A Modular Form Where Geometry Quietly Becomes Furniture

Fractal 9 began not as a formal design project but as a response to a simple, everyday need. The goal was to make use of an empty corner in the living room by creating something that felt meaningful in the space, not just a functional object. The intention was to design a piece that could quietly anchor the room while offering both aesthetic presence and practical value. Over time, what started as a personal experiment grew into a deeper exploration that ultimately led to the creation of Fractal 9, a modular sculptural furniture piece rooted in geometry, materiality, and conceptual depth.
At the core of Fractal 9 lies a strong relationship with mathematical principles, particularly the square, the golden ratio, and the number nine. These elements are not decorative references but foundational to the structure of the design. A significant turning point came when the first model was analyzed through the lens of the Digital Root, a mathematical concept that reduces numbers to a single digit. This analysis revealed meaningful numerical patterns within the form. What began as an intuitive structure gradually revealed an underlying mathematical coherence, suggesting that the design was guided by a deeper internal logic rather than chance.
Designer: Miguel Espejo

The design takes inspiration from fractal patterns found in nature, where forms repeat across scales while maintaining harmony and balance. This thinking informs the modular nature of the piece. Fractal 9 can function as a single integrated unit or be separated into two independent units, allowing it to adapt to different spaces and uses. Whether serving as a bookshelf, a display surface, or a sculptural centerpiece, the piece encourages interaction, experimentation, and creative reconfiguration.
The assembly system plays a key role in the user experience. The entire structure can be assembled using an Allen wrench, allowing the piece to be put together or taken apart without adhesives. This mechanical approach preserves the material integrity while offering flexibility and durability. Designing the connection system was one of the most challenging aspects of the project. The structure needed to be strong and stable while also appearing visually subtle so that the form remained uninterrupted.

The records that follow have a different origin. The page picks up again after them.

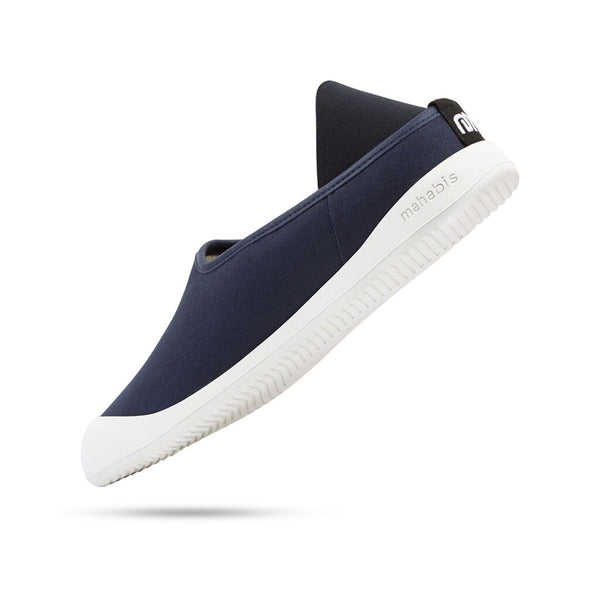 Mahabis Curve Canvas Slippers | Navy/White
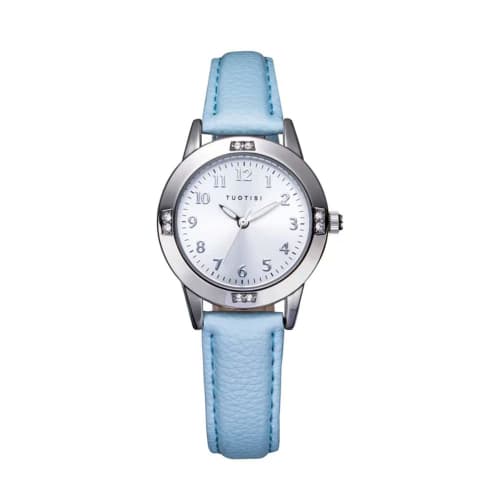 

Girls Quartz Watch, Round Face, Arabic Numerals, Analog, Waterproof, Everyday Watch, Cute for Students (Blue)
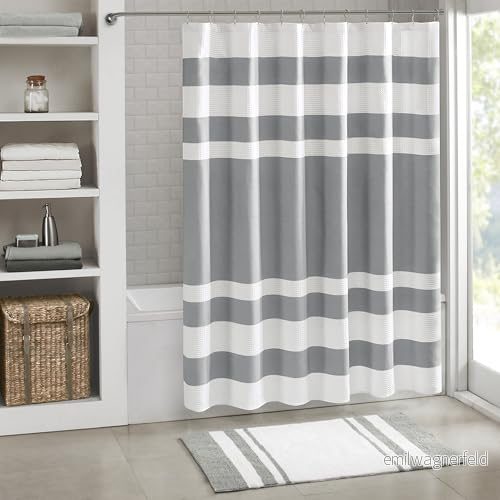 Madison Park duschdraperi våffelväv randig design tyg duschdraperier för badrum med 3M Scotchgard fukthantering premium spa kvalitet modern standard 183 cm x grå 675716608996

The choice of materials is central to the identity of the piece. FSC certified wood forms the structural base, reflecting a commitment to sustainable sourcing. Transparent acrylic components, produced using precise laser cutting, introduce lightness and clarity while allowing the structural connections to remain visible. Stainless steel fasteners provide strength and long term durability. A natural beeswax finish is applied by hand, enhancing the grain of the wood and adding a tactile warmth that complements the precision of the fabrication methods.
The development of Fractal 9 was supported by applied research. The aim was to validate the geometric and mathematical integrity of the design using the Digital Root method. Through careful measurement of angles, proportions, and modular relationships, recurring numerical patterns were identified. Stability tests conducted across different configurations confirmed the structural reliability of the system. These findings demonstrated that the design has potential beyond furniture, with possible applications in architecture, spatial systems, and educational contexts related to geometry and applied mathematics.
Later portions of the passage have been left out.